Darico Nobar: Mas o que ela disse exatamente?
Ana Rosa da Silva: Algo como “Minha filha, não consintas nunca que te casem, sem que ames deveras o homem a ti destinado para marido. Não te cases no ar! Lembra-te que o casamento deve ser sempre a consequência de duas inclinações irresistíveis. A gente deve casar porque ama, e não ter de amar porque se casou. Se fizeres o que te digo, serás feliz!”.
Darico Nobar: E a senhorita seguirá os conselhos dela?
Ana Rosa da Silva: Como não se mamãe me confidenciou seu mais íntimo aprendizado de vida no leito de morte?!
Darico Nobar: Mas isso já faz muito tempo!
Ana Rosa da Silva: Ah, tempos! Tempos!
Darico Nobar: E agora você quer se casar, D. Anica? Tem essa gana?
Ana Rosa da Silva: Mais do que querer, sinto que me convém um marido! O meu homem, o verdadeiro, o legal, o único e definitivo! Aquele que será o senhor da casa, o dono do meu corpo, a quem eu possa amar abertamente como amante e obedecer em segredo como escrava. Preciso dar-me e me dedicar a alguém. Sinto absoluta necessidade de pôr em ação a competência para tomar conta de uma casa e educar muitos filhos.
Darico Nobar: E como deveria ser esse rapaz? Tem algo em mente?
Ana Rosa da Silva: Em meus devaneios íntimos, antevejo um mancebo forte, corajoso, com um bonito talento, e capaz de matar-se por mim. Tem que ser encantador e galgar precipícios para ser merecedor da ventura do meu sorriso.
Darico Nobar: E quando o encontrar, o que a senhorita fará?
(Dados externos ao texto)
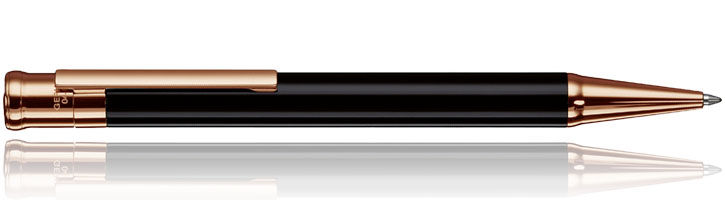 Black / Rose Gold Otto Hutt Design 04 Ballpoint Pens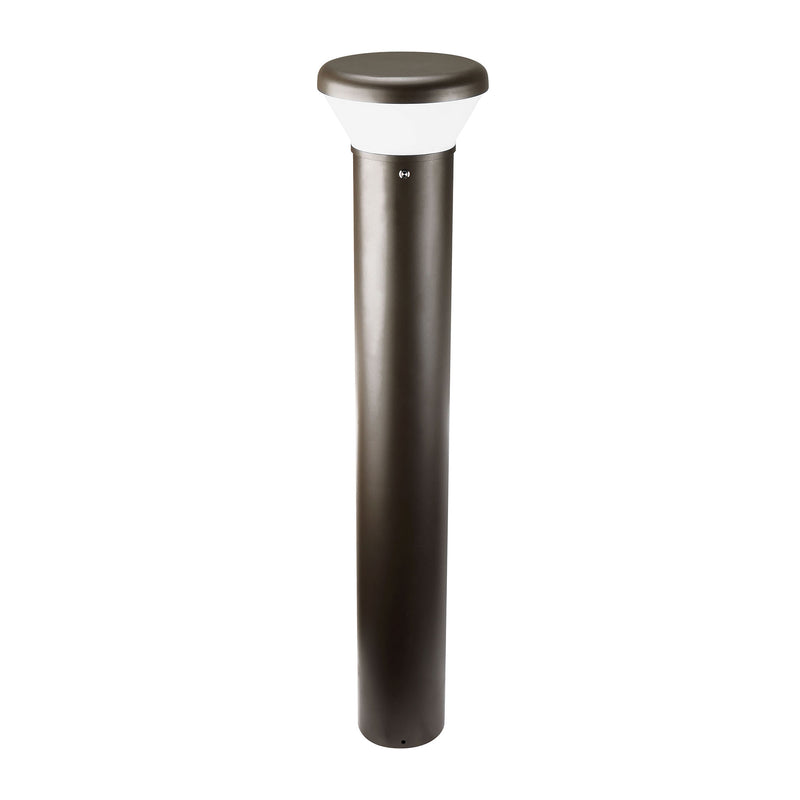 Bollard Light, 26W, 3050 Lumens, 4000K, 120-277V, Dimmable, DLC 5.1 Premium, Dark Bronze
Ana Rosa da Silva: Um banquete esplêndido de noivado! Depois, quando os nossos lábios tiverem se acostumado a se unirem com graça e ternura, vamos até o cônego Diogo para selar o matrimônio.
Darico Nobar: Como será o dia a dia da versão casada de D. Anica?
Ana Rosa da Silva: Oh! Como deverá ser feliz! Serei dona de casa que só pensará no bem-estar do marido e dos filhos. Vou me realizar na dependência da prisão do ninho de amor e no domínio carinhoso do meu marido. E as criancinhas morenas vão balbuciar tolices engraçadas e comovedoras. Não vou me cansar de ouvi-las chamando “mamãe, mamãe!”.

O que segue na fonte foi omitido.